The expected output is an exact copy of the lines from the one containing "Person hält eine" to the final line below, minus any pictures.

[[ GIVEN MATERIAL open ]]

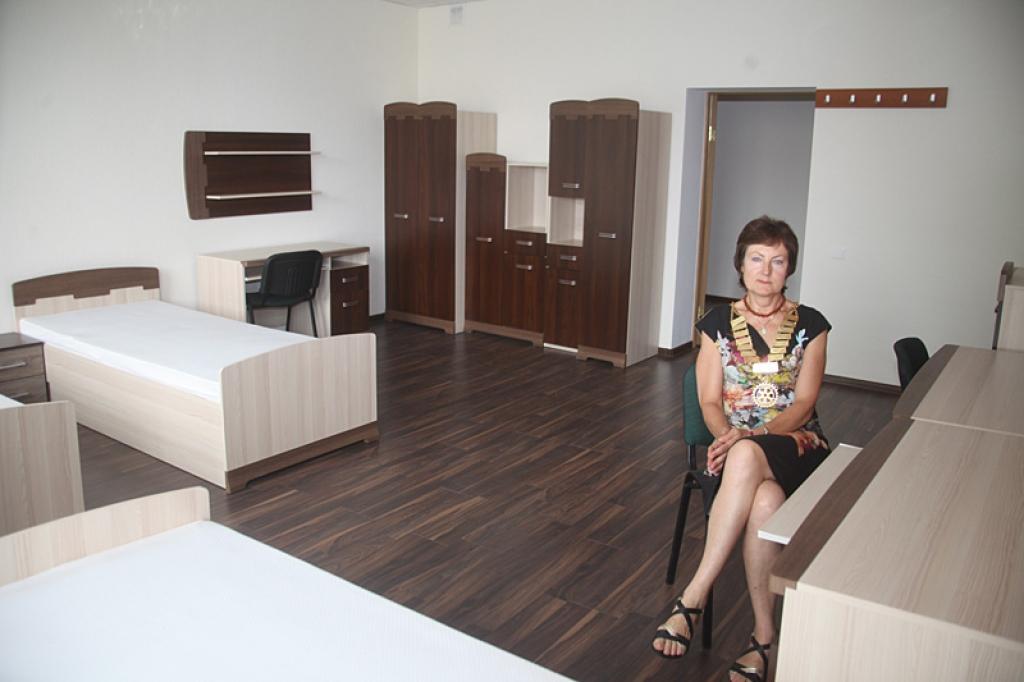 Gulbenes Rotari kluba prezidente Dzintra Gailāne var būt apmierināta, ka kluba biedriem sadarbībā ar ārzemju rotariešiem ir izdevies sarūpēt visu nepieciešamo skolas internātam.
Autors: Gatis Bogdanovs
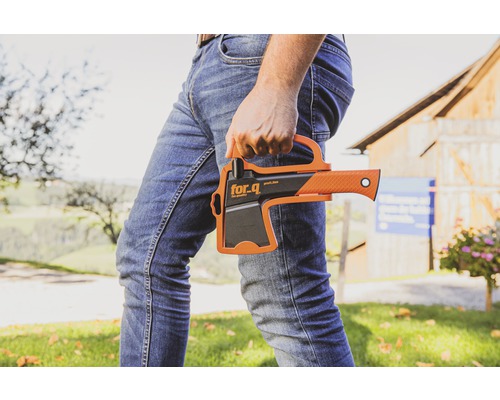 Person hält eine Axt der Marke For_q in der Hand.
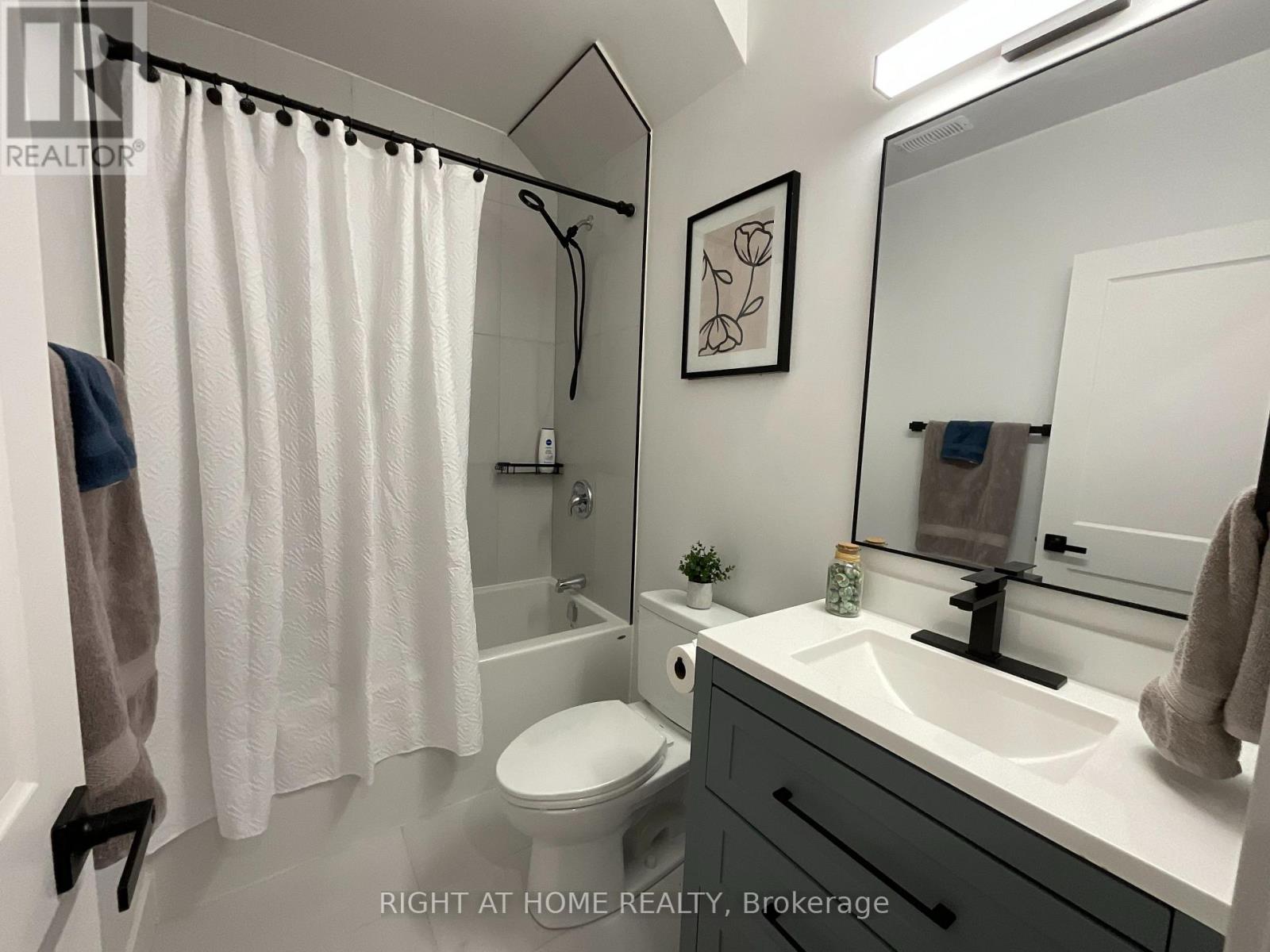 Unit #3 Second Floor - 674 Manning Avenue, Toronto, Ontario  M6G 2W4 - Photo 18 - C12702132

[[ GIVEN MATERIAL closed ]]

RESULT:
 Person hält eine Axt der Marke For_q in der Hand.
 Unit #3 Second Floor - 674 Manning Avenue, Toronto, Ontario  M6G 2W4 - Photo 18 - C12702132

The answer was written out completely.